It all occurs in a first-ever “Sunflower Seed” scrimmage to begin at 10 a.m. on the PHS diamond.

The “seeds” scrimmage is a take on the traditional “Soap Scrimmages” that were held for years in prep football. The admission to those was a bar of soap, which players then used in post-practice showers.

Young is asking that sunflower seeds be the admission for tomorrow’s scrimmage. The seeds, which are a favorite of baseball players at all levels, will then be available to team members during games.

After fans cough up a pack of seeds to be admitted to Longhorn field, they will have the opportunity for a sneak peak at the players who will fill next year’s junior varsity and varsity roster.

On varsity, a core of five returning letter-winners will form the foundation of the varsity team.

Gunner Goodman, Dailey Carnes, Konner Duran, Nick McMullen, Tyus Sarnowski and Miguel Mendoza are experienced players seasoned by last year’s play in which the Horns came up just one power point position ranking short of earning a state tournament berth.

Among the veterans, McMullen could be the most heralded, having been named last spring to Arizona’s Sports Network’s All-Division Team III as a second team outfielder.

A network executive who goes by the name “Coach Pichotta” praised McMullen saying, “He’s a favorite young player in the state of mine. This kid should be a dominant force as he moves forward.”

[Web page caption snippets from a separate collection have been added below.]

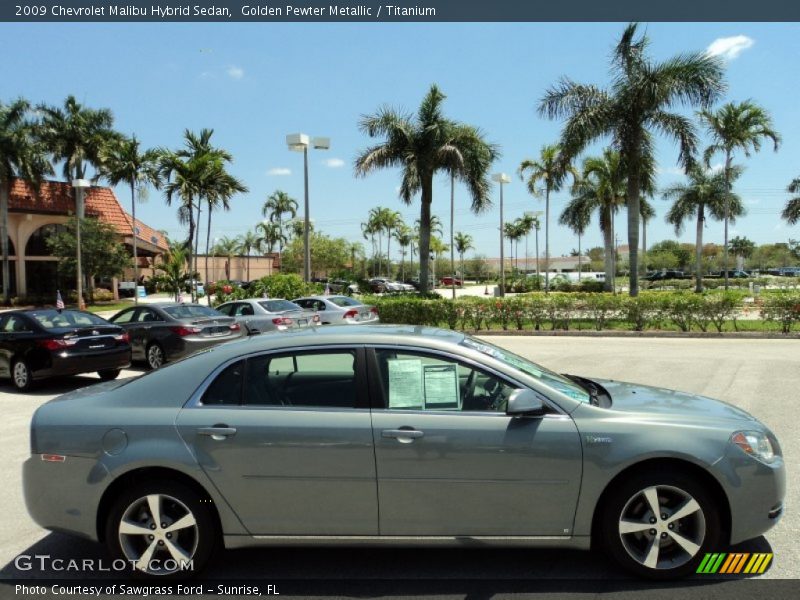 Golden Pewter Metallic / Titanium 2009 Chevrolet Malibu Hybrid Sedan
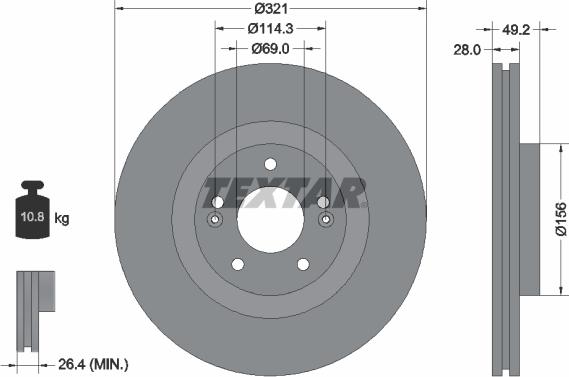 Textar 92242905 - Спирачен диск vvparts.bg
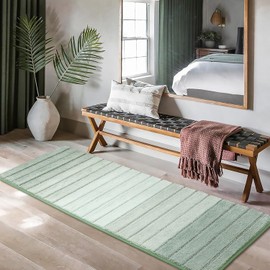 Kmson Ombre Bath Mat Bathroom Runner Rugs, Non Slip Ultra Soft and Water Absorbent Bath Carpet, Machine Washable Quick Dry Bedroom Door Mat Living Room Rug Green 17" x 47"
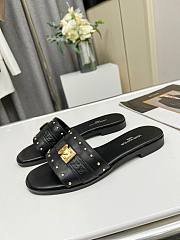 Louis Vuitton Lock It Flat Mule Black Patent  - 2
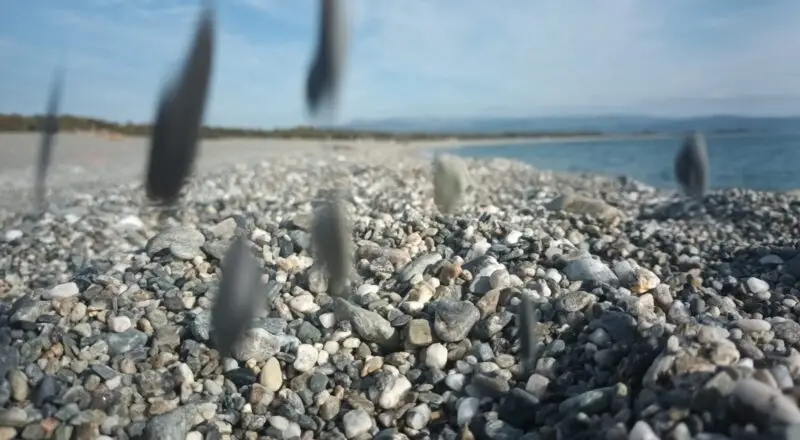 Piedras lanzadas al aire que parecen flotar por un instante… como las emociones que cargamos en silencio.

Last season, McMullen led the team in hitting with a robust .488 average. He also hit for good power with a team-high 13 doubles, one triple and four home runs. A good contact hitter, he struck out just eight times in 82 at-bats.

His 44 RBIs was also a team high.

Mendoza also brings plenty of experience and moxie to the team, having been a stalwart on last year’s team as a pitcher and hitter.

He wrapped up the campaign with a 4-2 record and a 4.52 ERA.

At the plate, he hit .286 with 15 RBIs and 18 runs scored.

Goodman also pitched, racking up a 4.20 ERA and a tough-luck 1-4 record.

Offensively, he hit .224 with 24 runs scored and 17 RBIs.

Sarnowski compiled a 1-1 record on the hill and hit 2.17.

Carnes put together a robust .328 batting average and Duran finished at .143 in limited playing time.

In addition to Young having the returning letter-winners to call upon, he has at his disposal what he calls, “A very strong freshman class” which will put their skills on display for the first time on the prep level in tomorrow’s scrimmage and the Fountain Hills tournament Feb. 20 to 23.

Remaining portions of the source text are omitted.